Allowing this (and other) ‘Champions League’ drug(s) into the Dutch basic compensation package means that literally hundreds of millions of euros per annum in healthcare budget go up in thin air on behalf of a very limited, but nevertheless growing group of patients. And this development could continue until the point that the whole national healthcare system becomes unaffordable for the Dutch government and the “average Joe in the street”.

Not allowing this particular medicine or other Champions League drugs to the basic compensation package of Dutch healthcare, however, means in fact a death sentence for the patients suffering from such fatal diseases. They have nowhere to go anymore, as the road to such specialty drugs remains closed then. In other words: the Dutch government here is caught between a rock and a hard place and can never do it right.

Then the simple, one million dollar question remains: where ends a fair compensation for expensive, but lifesaving drugs being created for extremely small groups of patients and where starts (inter)national extortion of governments and insurance companies, using their terminally ill and desperate patients as leverage?!

This is really anybody’s call and it is a nearly impossible choice to make, but someone should do it!

With (of course) an ambiguous feeling about it, I therefore found it good news that the Dutch Healthcare Institute drew a provisional red line with respect to compensation of the aforementioned Spinraza. For the simple reason that the drug is currently too expensive for the Dutch healthcare system to bear.
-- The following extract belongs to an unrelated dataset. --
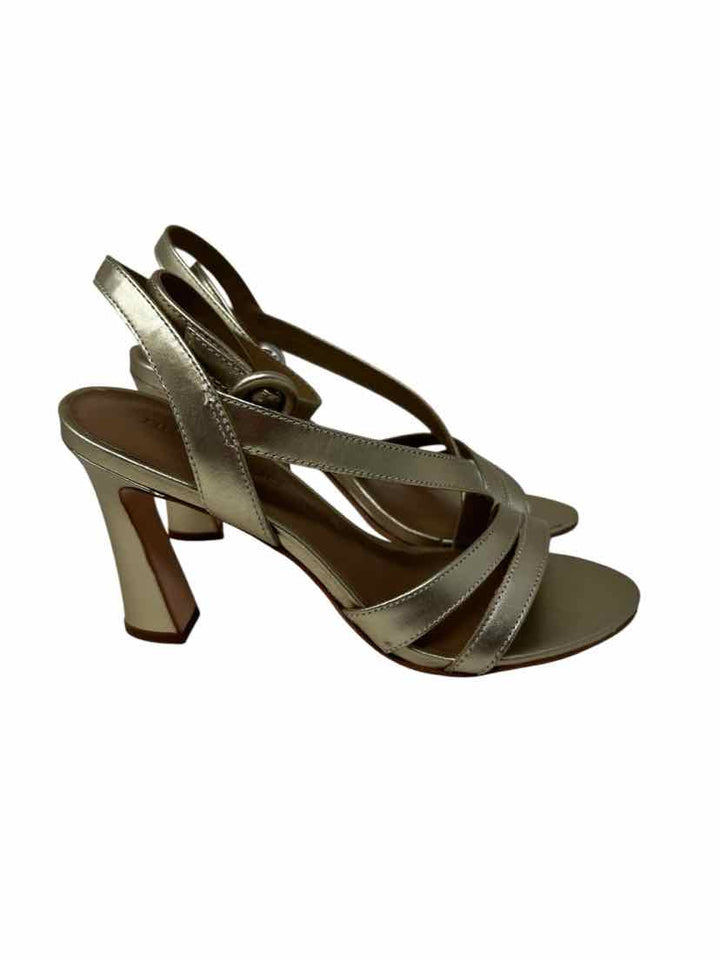Shoe Size 7 Bernardo Gold Sandals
The NRC wrote an article about this conundrum, of which I quote a few snippets:

For patients that suffer from muscle disease SMA the medicine Spinraza should be added to the basic compensation package for healthcare. Condition is, however, that the price is reduced considerably. In its judgement, the advisory committee for the Healthcare Institute weighs in appraisals by patients and attending physicians about the effectiveness of the drug.
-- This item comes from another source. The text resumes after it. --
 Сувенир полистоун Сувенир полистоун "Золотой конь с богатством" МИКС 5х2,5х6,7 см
The committee spoke with manufacturer Biogen and asked for an explanation with respect to the price. Spinraza costs roughly half a million euros per patient per year. The Healthcare Institute called this price outrageously high: ”The manufacturer could not explain sufficiently which expenses are made for the production of this drug”, according to a spokesperson of the Healthcare Institute in a notification upon the advice. The price reduction, that is conditional for addition of Spinraza to the basic compensation package,  must be drastical: 80 to 85%.

At this moment the patients of this terrible disease SMA do receive their Spinraza, based upon a temporary arrangement that lasts until May, 2018. And the advice of the Healthcare Institute is not yet definitive until February 5.

However, when the Healthcare Institute sticks with its provisional decision, the minister will have to renegotiate with Biogen for a fairer price. And when these negotiations fail, the drug will not be compensated anymore, as of May.

I truly hope that the Healthcare Institute and Minister Bruno Bruins of Healthcare and Sports mean business against Biogen. I consider that to be the only way to stop the outrageous development of prices for modern drugs, meant for a limited number of patients.

We all must make an end to the pharmaceutical cash cows, in order to stop the extortion of modern society! When the Dutch government gives in in this case, it will spur other pharmaceutical companies to also raise their prices for their Champions League drugs. And then the healthcare system everywhere could become unaffordable eventually.

The pharmaceutical companies should really ask themselves for which they are established: for giving their executives and shareholders the ‘financial ride of a lifetime’? Or for helping patients worldwide to cure from deadly or debilitating diseases against a fair compensation?

That is their billion dollar question. And it should be answered fast, before governments all over the world consider to step in and nationalize indispensable pharmaceutical companies!